Now  here are some here-and-now policy terms:

5. Rejectionist ideological settlers. Author Bernard Avishai proposes calling them: “The Judeans.” I find this appropriate. “Settlers” makes them sound neutral. “Judeans” doesn’t take settlers out of the fold – they are still part of the Jewish people. But the term recalls the ancient time when the Jewish people were rent asunder, torn into the two kingdoms of Israel and Judah, leading to destruction and exile. Let the Judeans prevent such destruction, by coming home to Israel.

6. The “one-state solution,” should be renamed. On this point, sharp-tongued Lara Friedman, Director of Policy and Government Relations for Americans for Peace Now, was characteristically incisive:

“One state is not a solution, it’s an outcome. Neither side aspires to share a state. I defy you to tell me how one state actually works.” After thunderous applause, members of the audience observed that the one-state outcome will probably resemble an apartheid state.

7. “Israeli-Palestinian peace” should be used synonymously with “American security interests.” The occupation is synonymous with “American security liability.” That was the overwhelming agreement of a panel with Brian Katulis, a Senior Fellow at the Center for American Progress, Colonel Lawrence Wilkerson and Lara Friedman.

8. Supporters of a two state-solution/the creation of a Palestinian state are not necessarily left (although they may also be that). Once and for all: Supporters of a Palestinian and an Israeli state are pragmatic.

9. The basic parameters of a two-state solution: Consensus. Call it Clinton, call it Geneva; call it Taba, Saudi or Olmert, conference speakers (including Dennis Ross) reminded audiences time and again that we all know the basic outlines of the plan. Israelis, Palestinians, American Jews and all the leaders know the basic plan. We don’t have to love it – we have to get on with it.

10. Status quo. Daniel Levy nails this one with the truest possible term: “suicidal comfort zone.
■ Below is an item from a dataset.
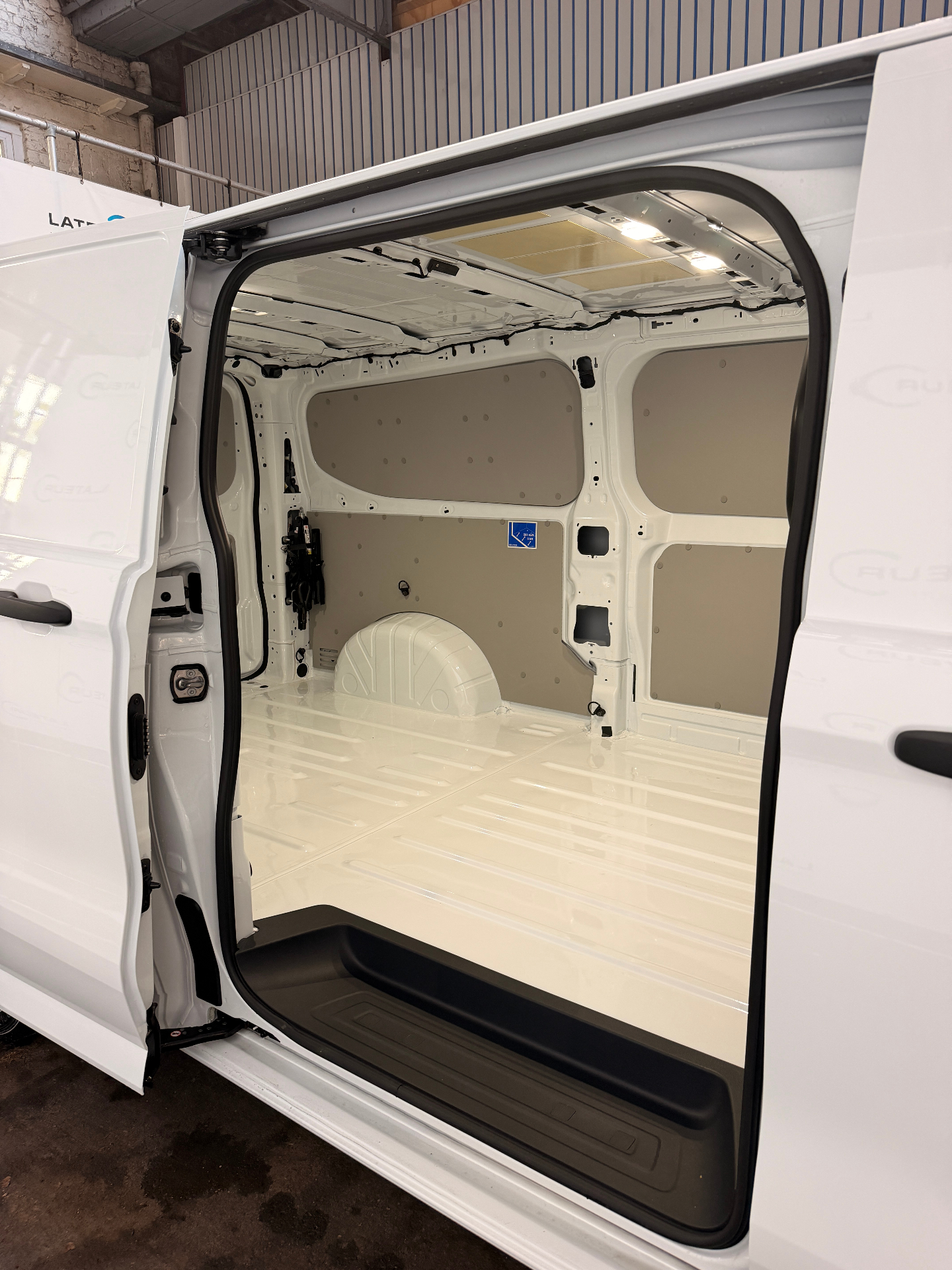 Ford Transit Custom 320L Trend 2.0 TD 136pk / 100Kw M6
11. Iran. It’s time to remember that Israel’s big “existential threat” doubles as “an existential excuse” not to make life-saving advances in Israel’s foreign policy. Kadima MK Orit Zuaretz should know – she sits on Israel’s Security and Foreign Affairs Committee. She said: “They always run to the Iranian threat and it gives them legitimization not to deal with other issues.” My own survey from November 2010 shows that no less than a 69% majority of Jewish Israelis agree that “a deal with the Palestinians will improve Israel’s relations with other countries, which will help the world unite against Iran.” Iran = a reason to make peace, not an excuse to avoid it.

Old language perpetuates myths and blinds us to new realities. More accurate language can help expose myths. And developing new terminology or meanings can help drive new ideas – which are desperately needed.